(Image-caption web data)
'''

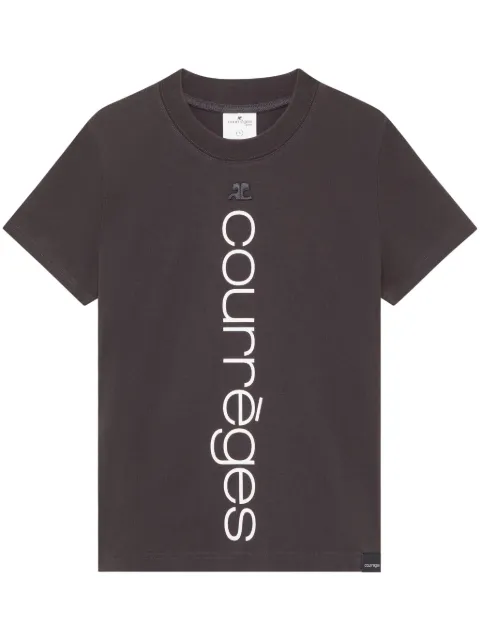 Courrèges logo-print organic-cotton T-shirt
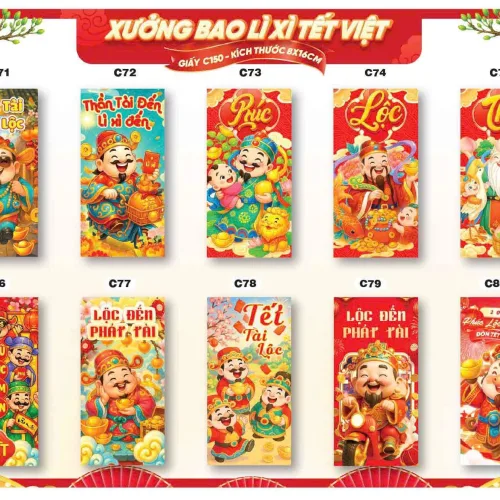 Chỗ sỉ combo 100 Bao Lì Xì Tết Bính Ngọ 2026 - Khách Chọn Tối Đa 10 mẫu
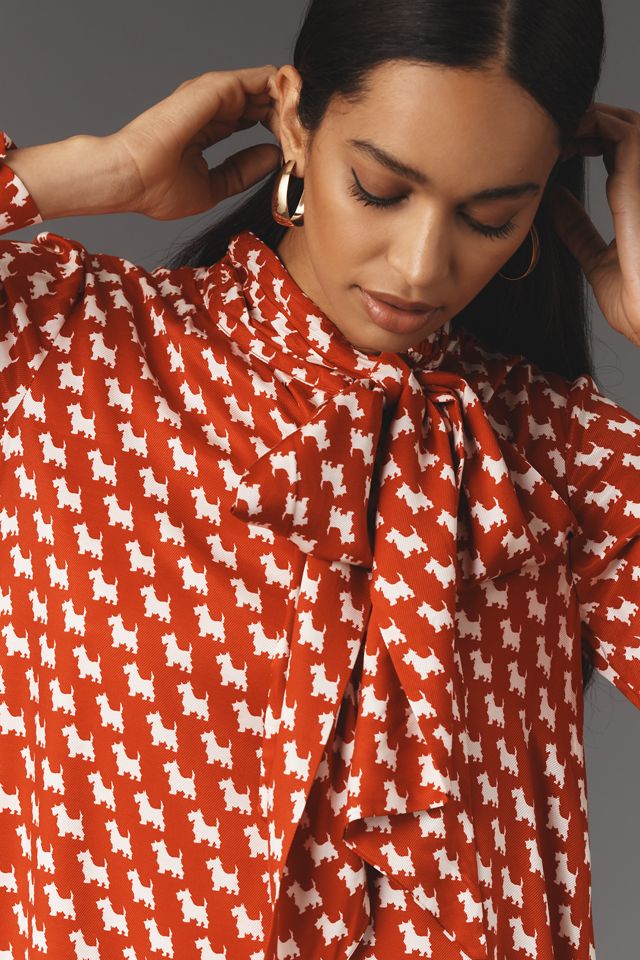 The Caroline Tie-Neck Mini Dress by Maeve #1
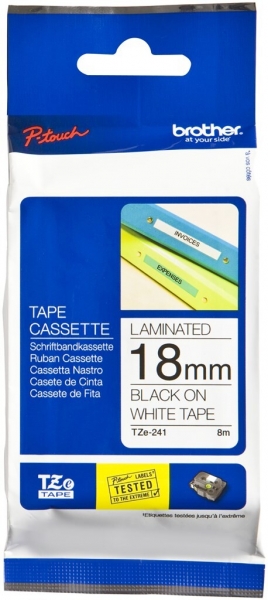 Cassette ruban Brother TZe-241 18mm×8m, blanc/noir 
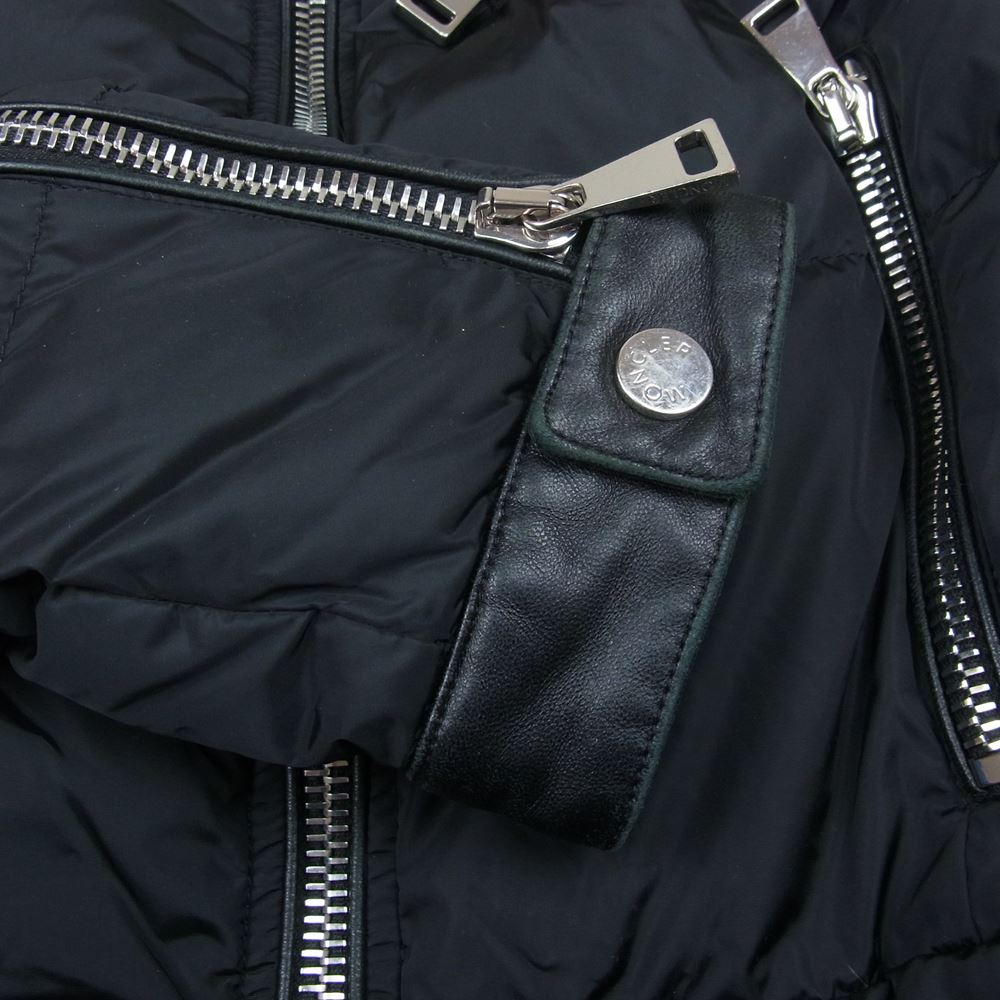 MONCLER モンクレール 国内正規品 KERKYRA レザー切替 ライダース ショート ダウンジャケット ブラック系 1【中古】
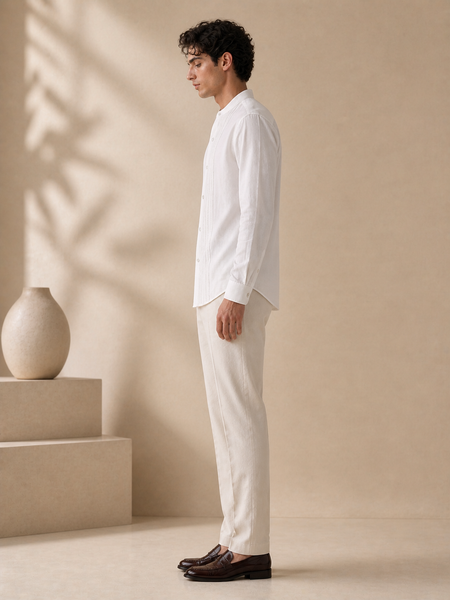 White Malai Cotton Shirt (Frosted Coconut Meridian) - MM0928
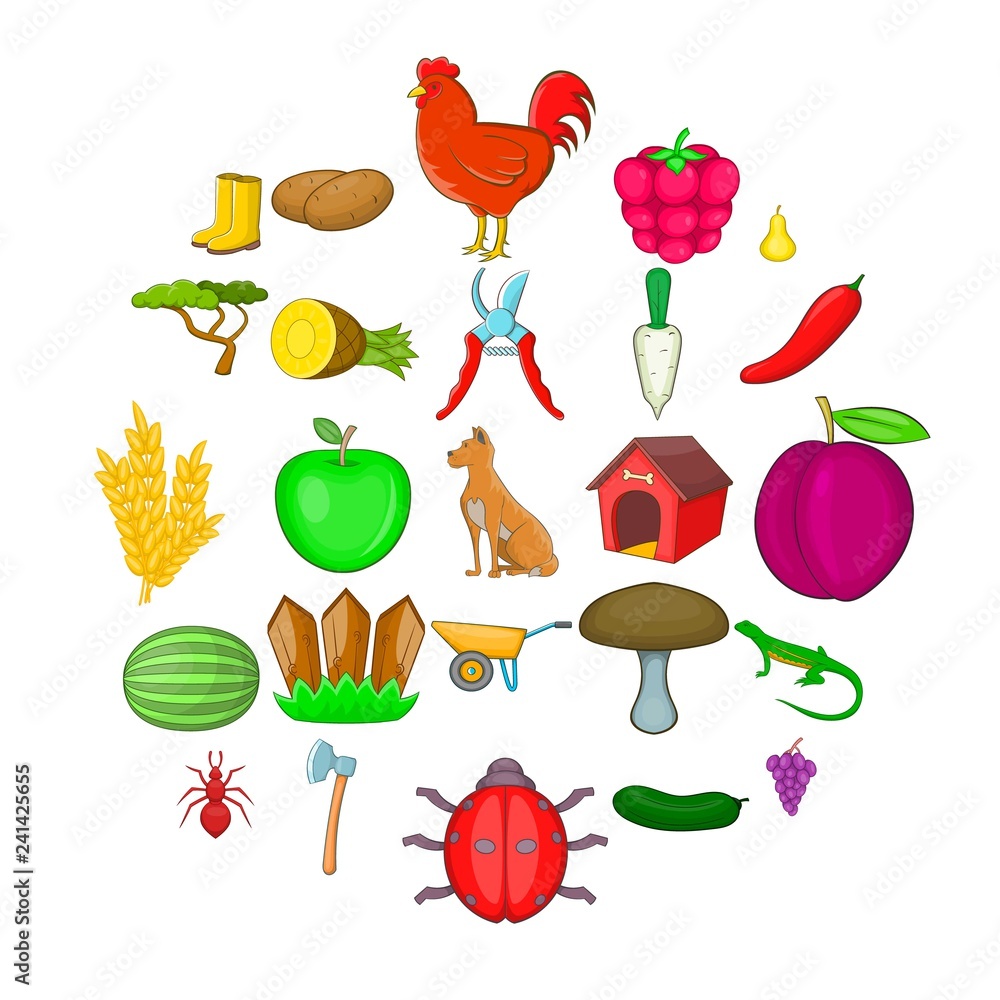 Poster ranch icons set. cartoon set of 25 ranch vector icons for web isolated on white background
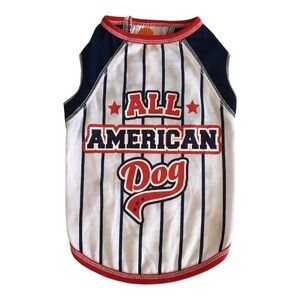 SimplyDog All American Dog Striped Dog Shirt Baseball Red Blue Size S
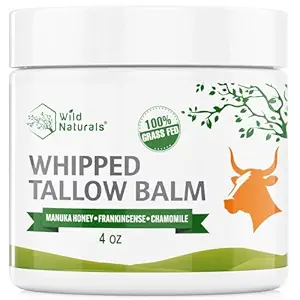 Wild Naturals Whipped Tallow Balm, 100% Grass Fed Beef Tallow and Honey Balm for Face and Body, Unscented Face Moisturizer, Anti-Aging and Dry Skin Relief, Non-Greasy, All-Natural, 4oz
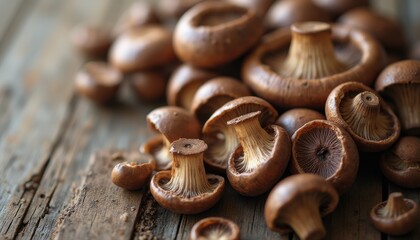 Fototapeta premium Pile of small brown mushrooms with visible gills on a rustic wooden surface, macro detail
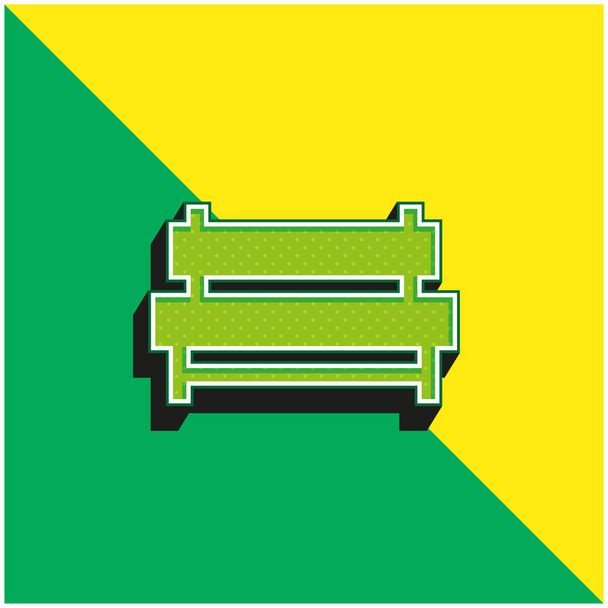 Bench Green and yellow modern 3d vector icon logo - Vector, Image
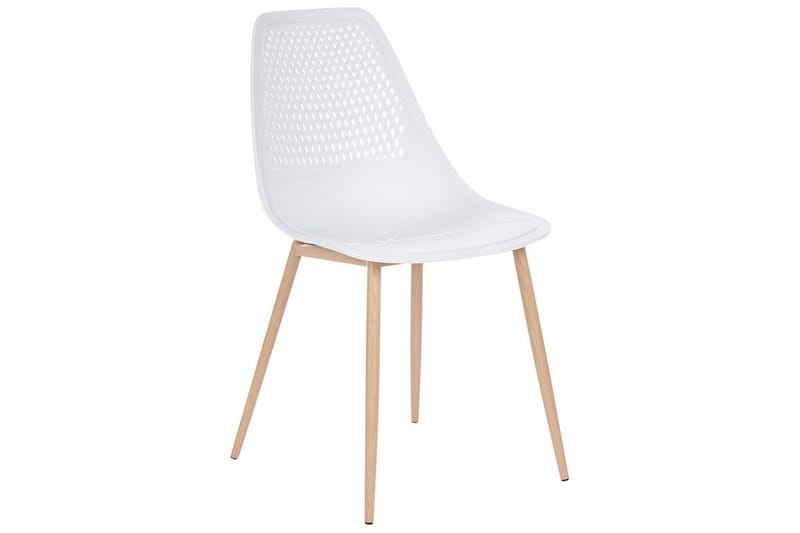 Matsalsstol Beliani Hazelton set om 4 Beige-Ljust Trä White - Møbler - Stoler & lenestoler - Spisestuestoler & kjøkkenstoler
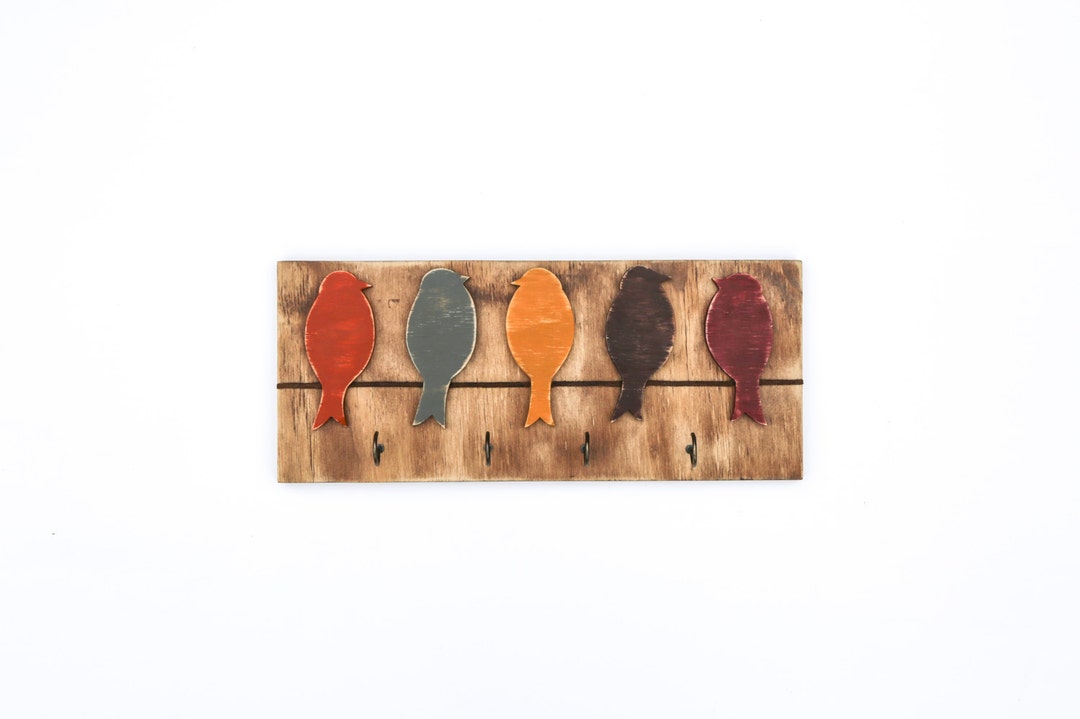 Birds on A Wire, Key Holder, Key Hook Rack, Bird Art, Wood Bird Decor ...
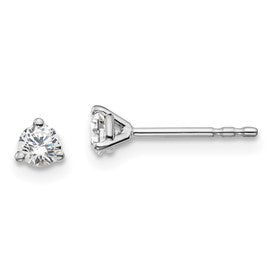 LGWE Platinum 1/4 carat Lab Grown Diamond VS+ F+ Round Complete Three Prong Stud Earrings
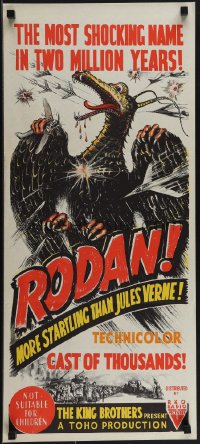 5r0184 RODAN Aust daybill 1959 Ishiro Honda's Sora no Daikaiju Radon, cool art of the monster!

'''

Give back exactly the lines running from the one that contains "Bench Green and" to the end of the records, including both of those lines and excluding every picture.

* [RESPONSE]
 Bench Green and yellow modern 3d vector icon logo - Vector, Image
 Matsalsstol Beliani Hazelton set om 4 Beige-Ljust Trä White - Møbler - Stoler & lenestoler - Spisestuestoler & kjøkkenstoler
 Birds on A Wire, Key Holder, Key Hook Rack, Bird Art, Wood Bird Decor ...
 LGWE Platinum 1/4 carat Lab Grown Diamond VS+ F+ Round Complete Three Prong Stud Earrings
 5r0184 RODAN Aust daybill 1959 Ishiro Honda's Sora no Daikaiju Radon, cool art of the monster!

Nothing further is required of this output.